На вокзале меня встретил Исаак (муж моей сестры), и мы отправились на кладбище. Он уже договорился с рабочими, подремонтировать надгробия, подкрасить ограды и сделать другие необходимые работы. Убрав мусор с могилы родителей, осмотрев захоронения других родственников – всего восемь в шести оградах, мы еще долго бродили по кладбищу, навещая немногих друзей и знакомых.

Я думал о том, какой короткий век у этого кладбища. Оно возникло перед войной, там похоронили мою бабушку. После войны мы с папой все пытались найти ее могилу, но безуспешно, все заросло, если не заросло, то разрушено временем и вандалами.
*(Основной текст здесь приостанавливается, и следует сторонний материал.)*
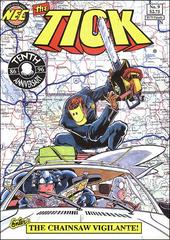 The Tick [3rd Print 10th Anniversary] Comic Books Tick Prices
Мой дед и другая бабушка, наверное, и прадеды, похоронены на старом еврейском кладбище, которое закрыли еще до войны. В то время более половины жителей города были евреи. После войны, на его месте, убрав могильные камни, соорудили сквер, построили кинотеатр “Мир”, и забыли о старом кладбище. А теперь в Бобруйске жителей раза в три больше, чем было до войны, но евреев среди них не более полутора процентов. Кто не переселился на кладбище, давно разъехались по всему свету.

Был теплый солнечный день. Я снимал видеокамерой слегка качающиеся и шумящие под легким ветерком высокие сосны и березы. Под ними уже вырос густой подлесок, прикрыв ограды и памятники, придавая всему кладбищу некоторую, уютную запущенность. Но это достаточно большое кладбище не выглядит заброшенным. Могилы в большинстве своем ухожены, главные аллеи расчищены, правда, в глубину, пройти трудно, мешают заросли молодых березок, кленов, рябин, и уж очень близко друг к другу оказались старые ограды. Могилу нашей тети мы так и не нашли.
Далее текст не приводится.